[REVIEW BOOK] Lebih Senyap Dari Bisikkan By Andina Dwifatma
Judul:Lebih Senyap Dari Bisikkan
Penulis:Andina Dwifatma
Penerbit: Gramedia
Jumlah: 155 halaman
Aku baca di: Gramedia Digital
Deskripsi buku:
💓💓💓
Berat baca buku model kehidupan rumah tangga begini. Namun tulisan Andina mampu menyihirku untuk bertahan sampai halaman akhir. Sama seperti dia menyihirku untuk terpesona dengan buku pertamanya, 'Semusim dan Semusim Lagi' sayangnya buku pertama itu belum habis kubaca.

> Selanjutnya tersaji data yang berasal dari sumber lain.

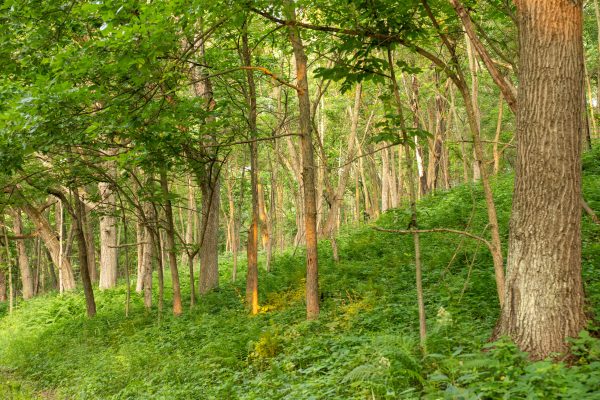 A serene summer forest landscape in Trevino, Wisconsin, showcasing lush green trees and foliage. Nature 4K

Bahasa dalam buku keduanya kali ini lebih vulgar, namun benar. Kehidupan Amara yang awalnya baik-baik saja didikte oleh Maminya dan sebagai anak dia merasa cukup berbakti. Kemudian, dia berniat untuk berdiri di kaki sendiri. Amara berani mengambil sebuah keputusan menikah dengan Baron–si lelaki penuh idealitas tentang kebebasan mengekspresikan diri. Meski urakan dan mirip anak yang tak punya harapan masa depan, namun sukses dalam dunia akademik membuatnya hampir digilai banyak wanita.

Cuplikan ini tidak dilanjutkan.